I think the rise in the popularity of brunch is undeniably linked to the rise in early morning trends. It’s impossible to sustain a lifestyle in which you get up early, are productive all day, then go out for a boozy dinner and socialise at bars every night. Brunch provides the perfect alternative: day drinking and socialising, whilst maintaining the schedule of going to bed at a reasonable hour.
Health and The Morning
As I mentioned earlier, getting up at a sensible, regular time every day has massively improved not just my mental health but also my physical health. I feel more awake, more motivated to exercise (I have yet to actually exercise, but that’s a separate matter), and have an easier time falling asleep. I get hungry at more regular intervals, and am less inclined to eat junk food. I feel less inclined to drink as well, given that despite the existence of brunch, most drinking-related activities still take place in the evenings.
I feel that this trend of waking up early, socialising in the morning, and wanting to be more creative, all adds up to the idea of a healthier society. A society where people get enough sleep, where “work hard, play hard” is less prevalent, where we don’t grind ourselves to the bone – and yet a society where we achieve our own personal goals, and want to create something of value.
And THAT is why we should all wake up early. THAT’S why Mornings are awesome. To me, they represent all of this, and more.
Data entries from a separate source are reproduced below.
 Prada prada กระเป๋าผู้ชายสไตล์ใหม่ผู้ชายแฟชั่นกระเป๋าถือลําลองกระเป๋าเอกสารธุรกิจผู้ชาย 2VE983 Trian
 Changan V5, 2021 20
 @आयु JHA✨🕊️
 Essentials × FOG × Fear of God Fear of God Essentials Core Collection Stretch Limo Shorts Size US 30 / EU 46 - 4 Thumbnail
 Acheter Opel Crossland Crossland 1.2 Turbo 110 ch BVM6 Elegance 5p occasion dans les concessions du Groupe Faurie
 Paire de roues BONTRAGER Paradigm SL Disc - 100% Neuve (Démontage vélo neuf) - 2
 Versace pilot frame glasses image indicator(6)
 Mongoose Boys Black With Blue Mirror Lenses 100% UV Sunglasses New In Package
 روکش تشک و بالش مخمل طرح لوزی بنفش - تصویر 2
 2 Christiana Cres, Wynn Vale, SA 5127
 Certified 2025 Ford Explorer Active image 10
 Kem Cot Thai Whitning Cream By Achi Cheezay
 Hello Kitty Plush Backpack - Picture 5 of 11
They are a time of day when I feel like anything is possible, and the opportunities are open to me. They represent taking care of ourselves, socialising over healthier “brunch” foods and cocktails as opposed to greasy takeaways on a night out. They represent taking the time to be productive, not for some job we need to survive, but for ourselves.
So let’s all celebrate mornings, and if you haven’t yet, try waking up early this summer and reaping the many benefits.